▶ [GIVEN DATA]
-=-=-=-=-

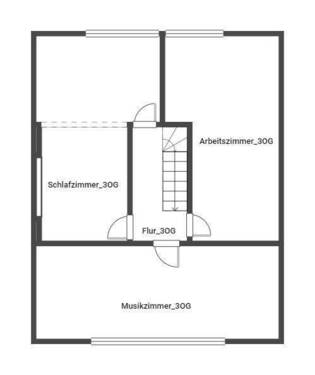 3092546 helle grosseTerrassenwohnung_3rd floor.jpg - 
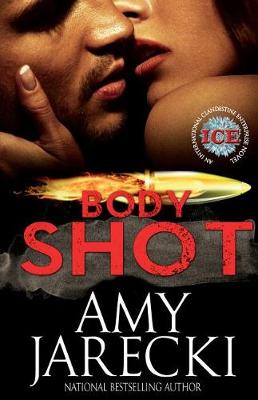Book cover for Body Shot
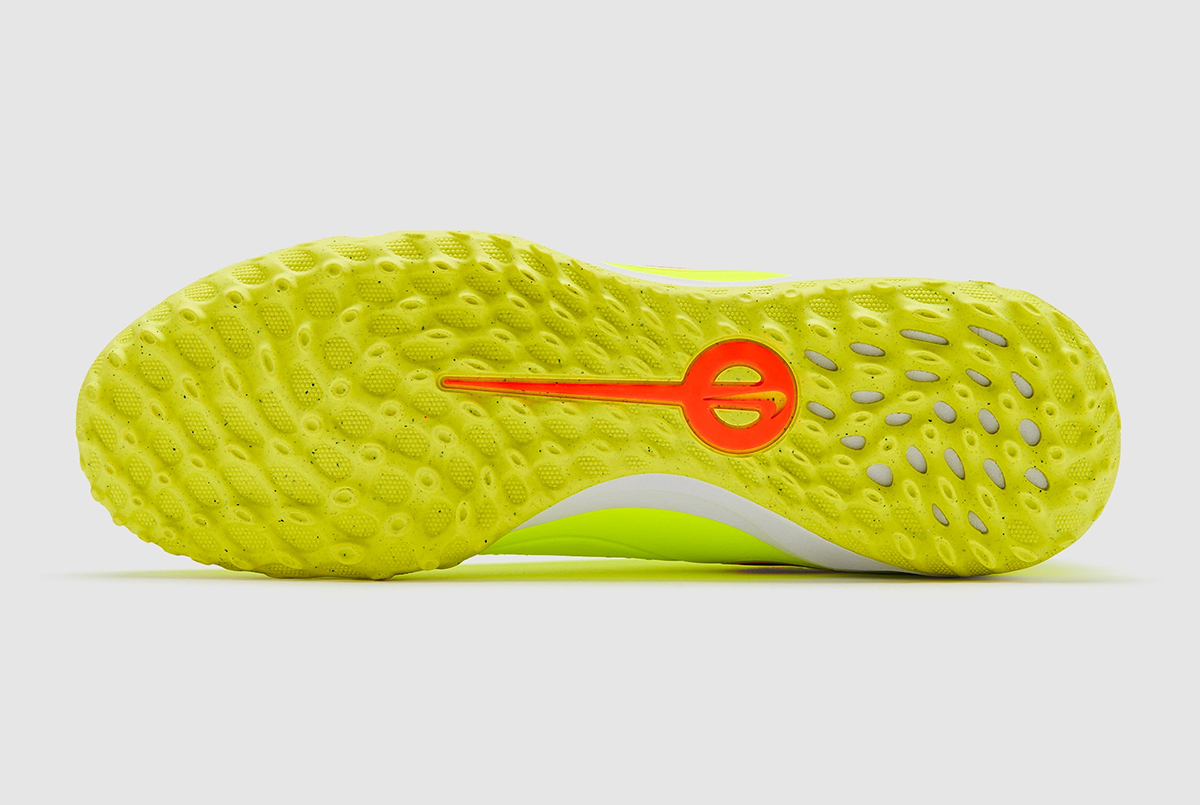 Сороконожки Nike Tiempo Legend X Academy TF DV4342-701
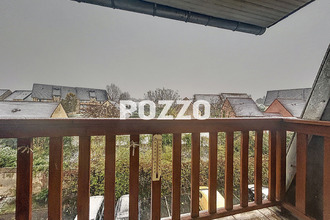 Ma-Cabane - Vente Appartement TOUQUES, 46 m²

-=-=-=-=-

Retype the data above verbatim, minus images.

 3092546 helle grosseTerrassenwohnung_3rd floor.jpg - 
Book cover for Body Shot
 Сороконожки Nike Tiempo Legend X Academy TF DV4342-701
 Ma-Cabane - Vente Appartement TOUQUES, 46 m²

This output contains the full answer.